++++ Records shown

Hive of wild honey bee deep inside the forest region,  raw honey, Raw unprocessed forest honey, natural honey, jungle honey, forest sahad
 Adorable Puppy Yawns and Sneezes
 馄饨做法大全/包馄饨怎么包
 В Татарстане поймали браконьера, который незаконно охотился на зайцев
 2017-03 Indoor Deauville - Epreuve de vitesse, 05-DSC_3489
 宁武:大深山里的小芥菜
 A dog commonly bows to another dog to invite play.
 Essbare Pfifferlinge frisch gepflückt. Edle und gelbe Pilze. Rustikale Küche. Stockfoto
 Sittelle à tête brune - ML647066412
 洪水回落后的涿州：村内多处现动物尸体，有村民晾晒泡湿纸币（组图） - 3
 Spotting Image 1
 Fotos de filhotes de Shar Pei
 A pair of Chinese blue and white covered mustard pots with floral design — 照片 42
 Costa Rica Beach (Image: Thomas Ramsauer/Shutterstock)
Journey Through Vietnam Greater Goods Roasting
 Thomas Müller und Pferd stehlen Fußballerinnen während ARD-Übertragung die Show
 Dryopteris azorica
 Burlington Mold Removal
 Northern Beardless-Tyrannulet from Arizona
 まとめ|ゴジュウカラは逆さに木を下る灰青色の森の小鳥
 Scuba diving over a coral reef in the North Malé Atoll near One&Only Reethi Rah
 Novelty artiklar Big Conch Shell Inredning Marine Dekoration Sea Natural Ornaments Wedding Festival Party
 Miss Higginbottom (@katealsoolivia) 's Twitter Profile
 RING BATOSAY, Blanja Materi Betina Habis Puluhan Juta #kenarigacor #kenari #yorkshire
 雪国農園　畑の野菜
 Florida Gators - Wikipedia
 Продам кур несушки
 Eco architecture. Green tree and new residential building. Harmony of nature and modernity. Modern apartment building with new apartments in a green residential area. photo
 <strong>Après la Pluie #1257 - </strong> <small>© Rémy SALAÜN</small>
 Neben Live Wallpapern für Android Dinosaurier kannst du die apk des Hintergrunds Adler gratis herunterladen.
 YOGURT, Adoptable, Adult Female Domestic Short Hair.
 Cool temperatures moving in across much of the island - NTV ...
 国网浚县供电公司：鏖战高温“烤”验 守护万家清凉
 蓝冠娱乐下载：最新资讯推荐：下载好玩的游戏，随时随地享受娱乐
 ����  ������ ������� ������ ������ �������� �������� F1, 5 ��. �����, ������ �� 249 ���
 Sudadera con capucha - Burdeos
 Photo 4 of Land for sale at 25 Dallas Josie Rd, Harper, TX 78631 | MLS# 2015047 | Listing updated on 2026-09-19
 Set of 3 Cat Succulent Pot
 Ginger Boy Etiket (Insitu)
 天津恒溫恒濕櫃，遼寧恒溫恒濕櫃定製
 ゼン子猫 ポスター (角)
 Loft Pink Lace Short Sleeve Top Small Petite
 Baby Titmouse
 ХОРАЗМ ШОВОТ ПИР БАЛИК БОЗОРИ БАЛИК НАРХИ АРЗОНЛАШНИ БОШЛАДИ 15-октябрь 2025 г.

++++++++

**About this exercise:** Copy the entries above exactly, but only from the line holding "Fotos de filhotes de Shar Pei" through the line holding "まとめ|ゴジュウカラは逆さに木を下る灰青色の森の小鳥", both included.

**The completed task:**
 Fotos de filhotes de Shar Pei
 A pair of Chinese blue and white covered mustard pots with floral design — 照片 42
 Costa Rica Beach (Image: Thomas Ramsauer/Shutterstock)
Journey Through Vietnam Greater Goods Roasting
 Thomas Müller und Pferd stehlen Fußballerinnen während ARD-Übertragung die Show
 Dryopteris azorica
 Burlington Mold Removal
 Northern Beardless-Tyrannulet from Arizona
 まとめ|ゴジュウカラは逆さに木を下る灰青色の森の小鳥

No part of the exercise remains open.